In the subsequent paragraphs, however, of the same Presidential Decree
No. 857, and contrary to Paragraph 2 of the statement of facts of the Petitioner-
Appellant’s memorandum of appeal that under Section 6 (b) vii of its charter,
Petitioner-Appellant is empowered to administer properties of any kind under its
jurisdiction as we quote, to wit:
“(b) The corporate powers of the Authority shall be as follows:
x x x x x x x x x
(vii) To acquire, purchase, own, lease, mortgage, sell or otherwise dispose of any land, port facility, wharf, quay, or property of any kind, whether movable or immovable.”

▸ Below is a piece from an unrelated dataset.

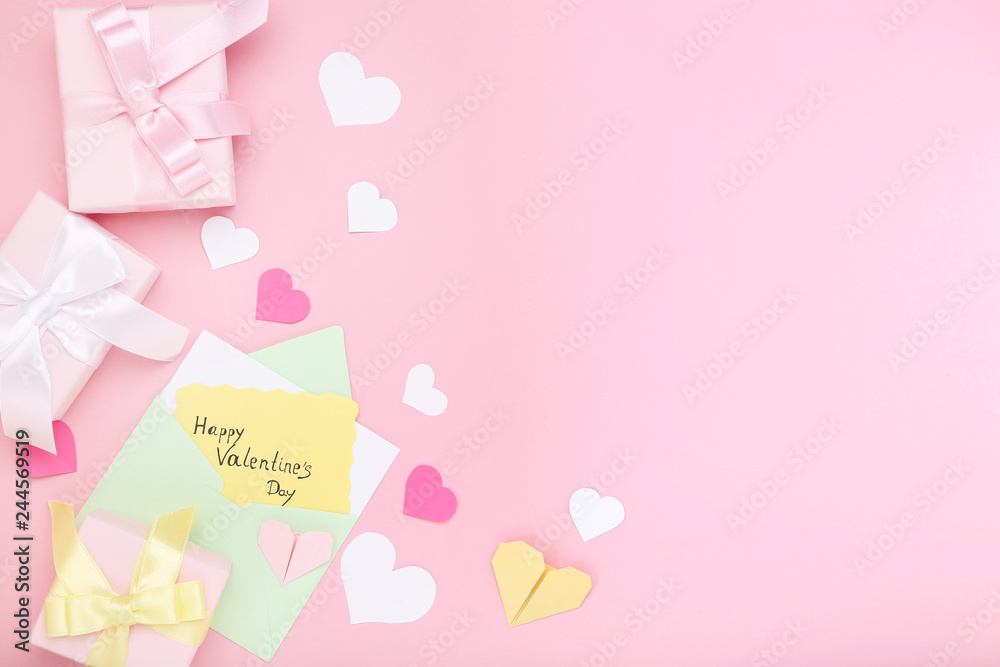 Inscription Happy Valentine Day with gift boxes and envelope on pink background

A statute must be construed as a whole. It should be read in its entirety.
All parts, provisions or sections of a statute or section, must be read,
considered or construed together, and each must be considered in the light of
all the others. (Elizabeth Arden Sales Corp. vs. Gees Blass Co., C.C.A. 161
A.L.R., 370; Abbs vs. Rodmond, 64, Idaho, 369) The reason for the rule is that
a statute is enacted as a whole and not in parts or sections. (People ex rel.
Abbe vs. Mash. 364 III. 224, cited in Statutory Construction by Ruperto G.
Martin, 6th edition, 1979, p. 102).
In Mactan Cebu International Airport Authority vs. Marcos, 261 SCRA
691, 692 (September 11, 1996), the Supreme Court held that these sections
involve “transfer” of the “lands,” among other things, to the petitioner and not
just the transfer of the beneficial use thereof, with the ownership being retained
by the Republic of the Philippines. “This “transfer” is actually an absolute
conveyance of the ownership thereof because the petitioner’s authorized capital
stock consists of, inter alia, “the value of such real estate owned and/or
administered by the airports.” (underlining ours)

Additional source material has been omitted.